Stored dataset items:
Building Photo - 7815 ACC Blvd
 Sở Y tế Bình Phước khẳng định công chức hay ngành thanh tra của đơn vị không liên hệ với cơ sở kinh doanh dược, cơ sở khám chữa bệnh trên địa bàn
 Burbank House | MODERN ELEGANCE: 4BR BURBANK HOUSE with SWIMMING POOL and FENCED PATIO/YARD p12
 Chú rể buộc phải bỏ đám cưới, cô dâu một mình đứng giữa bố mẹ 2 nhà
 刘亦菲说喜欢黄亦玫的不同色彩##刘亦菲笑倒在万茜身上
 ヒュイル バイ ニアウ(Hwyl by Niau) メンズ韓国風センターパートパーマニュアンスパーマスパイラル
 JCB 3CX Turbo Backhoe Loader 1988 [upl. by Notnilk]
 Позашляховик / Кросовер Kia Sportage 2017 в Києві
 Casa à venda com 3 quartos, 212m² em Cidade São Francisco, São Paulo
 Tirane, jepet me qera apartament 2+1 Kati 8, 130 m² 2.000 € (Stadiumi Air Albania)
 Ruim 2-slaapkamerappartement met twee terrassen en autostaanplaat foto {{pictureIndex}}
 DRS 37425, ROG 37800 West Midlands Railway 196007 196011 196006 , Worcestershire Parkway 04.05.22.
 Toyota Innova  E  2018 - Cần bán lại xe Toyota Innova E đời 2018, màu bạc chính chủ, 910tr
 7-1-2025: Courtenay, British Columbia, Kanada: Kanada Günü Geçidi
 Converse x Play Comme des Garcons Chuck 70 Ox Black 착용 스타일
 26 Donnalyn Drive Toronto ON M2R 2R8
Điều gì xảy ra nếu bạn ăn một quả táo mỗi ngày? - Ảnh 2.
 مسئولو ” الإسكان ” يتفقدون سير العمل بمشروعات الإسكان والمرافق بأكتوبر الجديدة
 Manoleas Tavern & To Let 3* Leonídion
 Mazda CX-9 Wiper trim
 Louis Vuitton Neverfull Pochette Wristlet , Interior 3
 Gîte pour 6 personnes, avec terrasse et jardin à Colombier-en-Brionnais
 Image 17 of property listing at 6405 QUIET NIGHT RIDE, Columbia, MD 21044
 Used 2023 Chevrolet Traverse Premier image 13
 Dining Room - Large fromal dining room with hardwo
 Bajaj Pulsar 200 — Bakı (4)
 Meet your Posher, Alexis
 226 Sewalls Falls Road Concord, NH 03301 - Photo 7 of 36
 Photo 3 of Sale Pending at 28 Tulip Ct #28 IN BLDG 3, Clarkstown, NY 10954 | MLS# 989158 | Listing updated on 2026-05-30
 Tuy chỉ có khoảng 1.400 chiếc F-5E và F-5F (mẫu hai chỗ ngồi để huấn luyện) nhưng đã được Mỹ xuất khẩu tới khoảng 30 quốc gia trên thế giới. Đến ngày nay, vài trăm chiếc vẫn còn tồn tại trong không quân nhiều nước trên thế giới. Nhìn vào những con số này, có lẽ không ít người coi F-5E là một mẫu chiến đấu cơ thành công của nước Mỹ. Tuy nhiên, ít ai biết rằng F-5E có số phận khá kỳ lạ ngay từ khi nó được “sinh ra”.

Exercise details: Retype every entry above, word for word.

Solution to this exercise:
Building Photo - 7815 ACC Blvd
 Sở Y tế Bình Phước khẳng định công chức hay ngành thanh tra của đơn vị không liên hệ với cơ sở kinh doanh dược, cơ sở khám chữa bệnh trên địa bàn
 Burbank House | MODERN ELEGANCE: 4BR BURBANK HOUSE with SWIMMING POOL and FENCED PATIO/YARD p12
 Chú rể buộc phải bỏ đám cưới, cô dâu một mình đứng giữa bố mẹ 2 nhà
 刘亦菲说喜欢黄亦玫的不同色彩##刘亦菲笑倒在万茜身上
 ヒュイル バイ ニアウ(Hwyl by Niau) メンズ韓国風センターパートパーマニュアンスパーマスパイラル
 JCB 3CX Turbo Backhoe Loader 1988 [upl. by Notnilk]
 Позашляховик / Кросовер Kia Sportage 2017 в Києві
 Casa à venda com 3 quartos, 212m² em Cidade São Francisco, São Paulo
 Tirane, jepet me qera apartament 2+1 Kati 8, 130 m² 2.000 € (Stadiumi Air Albania)
 Ruim 2-slaapkamerappartement met twee terrassen en autostaanplaat foto {{pictureIndex}}
 DRS 37425, ROG 37800 West Midlands Railway 196007 196011 196006 , Worcestershire Parkway 04.05.22.
 Toyota Innova  E  2018 - Cần bán lại xe Toyota Innova E đời 2018, màu bạc chính chủ, 910tr
 7-1-2025: Courtenay, British Columbia, Kanada: Kanada Günü Geçidi
 Converse x Play Comme des Garcons Chuck 70 Ox Black 착용 스타일
 26 Donnalyn Drive Toronto ON M2R 2R8
Điều gì xảy ra nếu bạn ăn một quả táo mỗi ngày? - Ảnh 2.
 مسئولو ” الإسكان ” يتفقدون سير العمل بمشروعات الإسكان والمرافق بأكتوبر الجديدة
 Manoleas Tavern & To Let 3* Leonídion
 Mazda CX-9 Wiper trim
 Louis Vuitton Neverfull Pochette Wristlet , Interior 3
 Gîte pour 6 personnes, avec terrasse et jardin à Colombier-en-Brionnais
 Image 17 of property listing at 6405 QUIET NIGHT RIDE, Columbia, MD 21044
 Used 2023 Chevrolet Traverse Premier image 13
 Dining Room - Large fromal dining room with hardwo
 Bajaj Pulsar 200 — Bakı (4)
 Meet your Posher, Alexis
 226 Sewalls Falls Road Concord, NH 03301 - Photo 7 of 36
 Photo 3 of Sale Pending at 28 Tulip Ct #28 IN BLDG 3, Clarkstown, NY 10954 | MLS# 989158 | Listing updated on 2026-05-30
 Tuy chỉ có khoảng 1.400 chiếc F-5E và F-5F (mẫu hai chỗ ngồi để huấn luyện) nhưng đã được Mỹ xuất khẩu tới khoảng 30 quốc gia trên thế giới. Đến ngày nay, vài trăm chiếc vẫn còn tồn tại trong không quân nhiều nước trên thế giới. Nhìn vào những con số này, có lẽ không ít người coi F-5E là một mẫu chiến đấu cơ thành công của nước Mỹ. Tuy nhiên, ít ai biết rằng F-5E có số phận khá kỳ lạ ngay từ khi nó được “sinh ra”.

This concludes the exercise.